The tool is called Squadbox, and it is "sources of friends" for moderators to filter messages and support people who are being harassed online. So, a blogger who wants to have a public email address to receive suggestions, but also wants to avoid receiving hate messages from strangers, can set up a Squadbox account and use two of his co-workers as moderators, as proposed by scientists of MIT.

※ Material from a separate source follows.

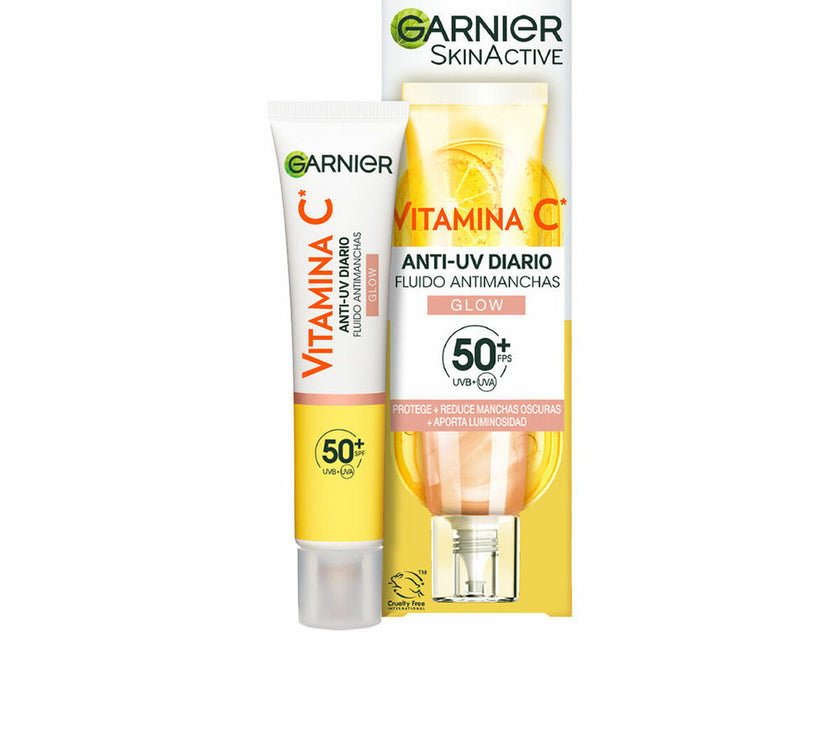 V6H9A033DADFF50A7DDF715A08035C77A0AR3920263P1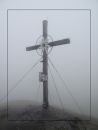 Cross1.jpg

Your "squad" of two will split the work between them and make sure your inbox stays clean. They will also have tools at their disposal: the ability to create whitelists for previously approved email senders, and blacklists for senders that should be rejected automatically. Squadbox also scores the toxicity level of each message to help moderators review emails. "This line of work helps provide a map of a hybrid solution to bullying that increases human support with tools in a meaningful way," said University of Michigan Information Professor Clifford Lampe in a press release. Squadbox currently only works with email, but the team behind it hopes to eventually expand to other social media platforms.
Moderators who read harassment could potentially face "psychological risks"
While the service could help Squadbox account holders, it is far from a perfect solution. MIT noted that "the use of friends as moderators simplifies issues related to privacy and personalization, but also presents challenges for the maintenance of relationships." Owners of email accounts also felt guilty for supporting their friends and began to be reluctant to ask for more favors
More importantly, moderation puts stress on volunteers. "Moderating is a lot of work," said an anonymous moderator in the study. The study also mentioned that moderators who read harassment could potentially face "psychological risks," raising questions about how feasible the solution is.
The MIT study also found that the moderators finally got tired of checking other people's emails and had slower response times. And while most emails ended up in the trash as junk, few email addresses were blacklisted, probably because a full blacklist of a contact was too extreme a measure. The study concluded that much more precision is needed to fight online harassment.